Adalah Andhini Miranda, praktisi hidup minim sampah, yang gaya hidup ramah lingkungannya amat menginspirasi. Dalam Webinar #SustainabilityDay 2020 "Kolaborasi dan Aksi untuk Masa Depan Berkelanjutan” yang digagas Unilever Indonesia Foundation belum lama ini, ia berbagi pengalaman serta pandangan mengenai pilihannya mengadopsi pola-pola keberlanjutan.
( )
Andhini berkisah, pertama kali "tercebur" untuk menerapkan gaya hidup ramah lingkungan adalah ketika mengandung anaknya, delapan tahun lalu. Seperti ibu hamil kebanyakan, sebelum persalinan, Andhini pun menyempatkan diri melakukan persiapan untuk memenuhi kebutuhan bayi yang baru lahir, salah satunya popok. Hanya, di tengah persiapan itu, ia justru menemukan sebuah tulisan yang menggugah rasa pedulinya.
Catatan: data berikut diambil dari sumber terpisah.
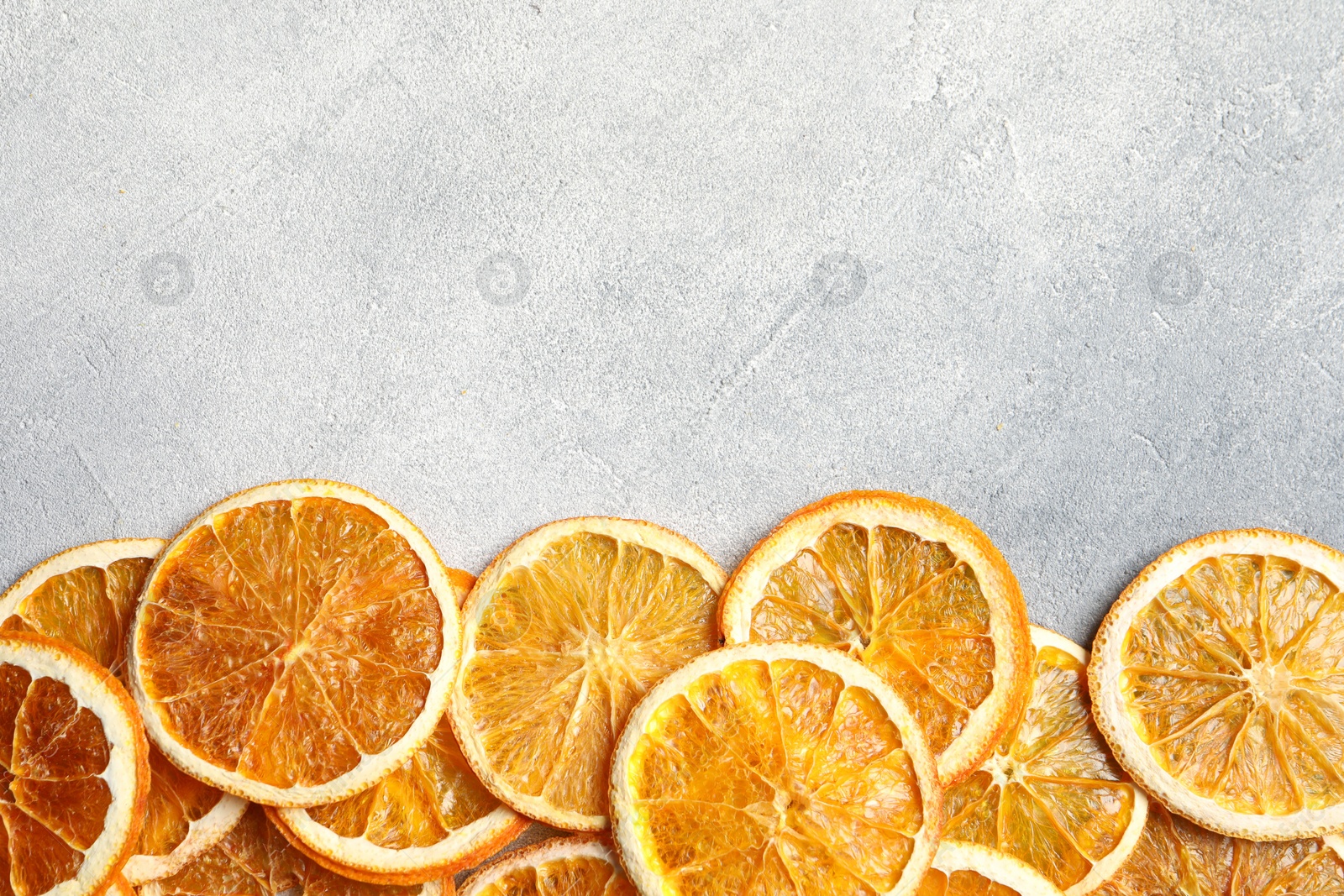 Photo of Dry orange slices on light grey table, flat lay. Space for text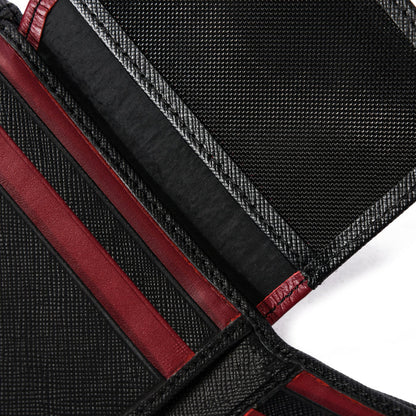 Close-up of black and red textured wallet interior with card slots and stitching detail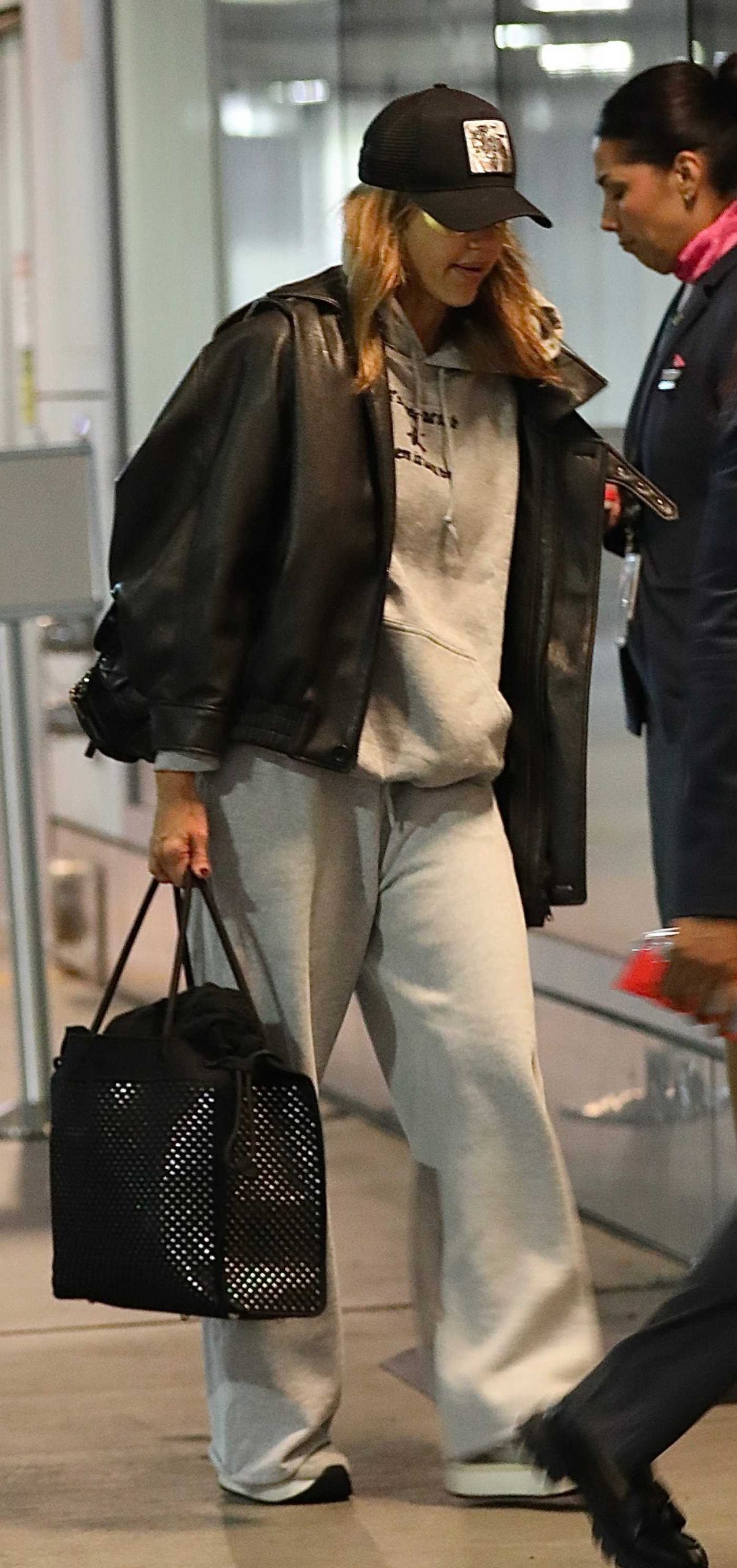 Jessica Alba in a Black Leather Jacket Arrives at LAX Airport in Los Angeles 10/09/2026
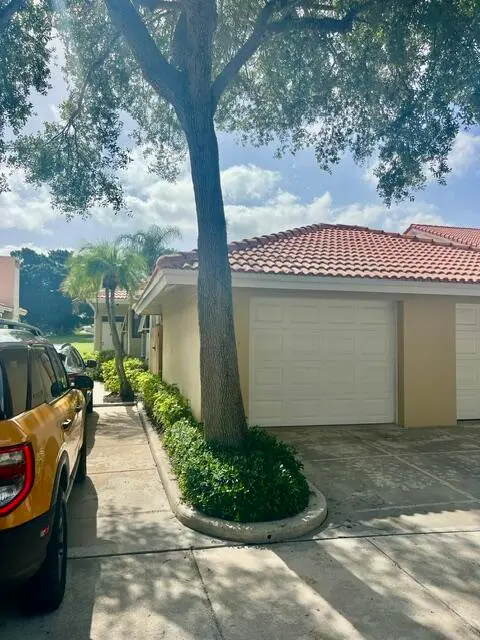 EXTERIOR FRONT at 225 Old Meadow Way, Palm Beach Gardens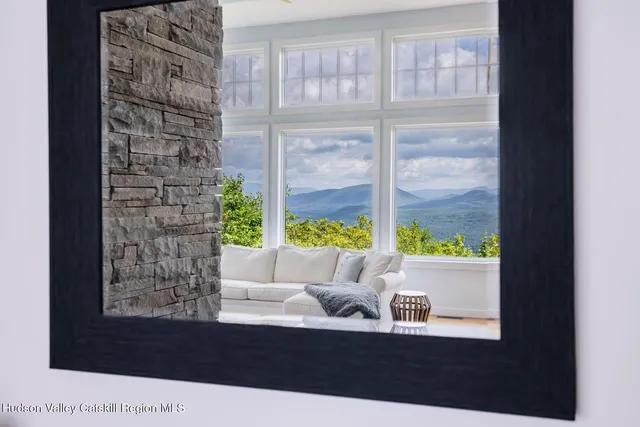 a dining room with furniture a chandelier and wooden floor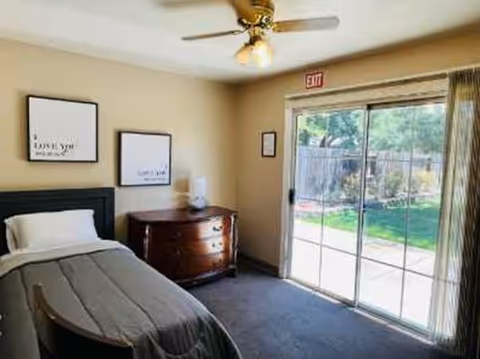 A bedroom in a senior living facility with a bed, dresser, and glass door.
"Tahun 2012 saat hamil, saya menemukan artikel tentang popok sekali pakai. Di situ dikatakan bahwa jenis popok ini mustahil terurai karena di dalamnya mengandung plastik untuk menahan bocor kotoran bayi. Mustahil juga didaur ulang karena di situ ada residu dari kotoran bayi tersebut," kata Andhini.
Ibu satu anak ini lantas menghitung jumlah popok yang kemungkinan dibutuhkan bayinya kelak. Dari hasil risetnya, Andhini menemukan angka rata-rata kebutuhan popok pada bayi.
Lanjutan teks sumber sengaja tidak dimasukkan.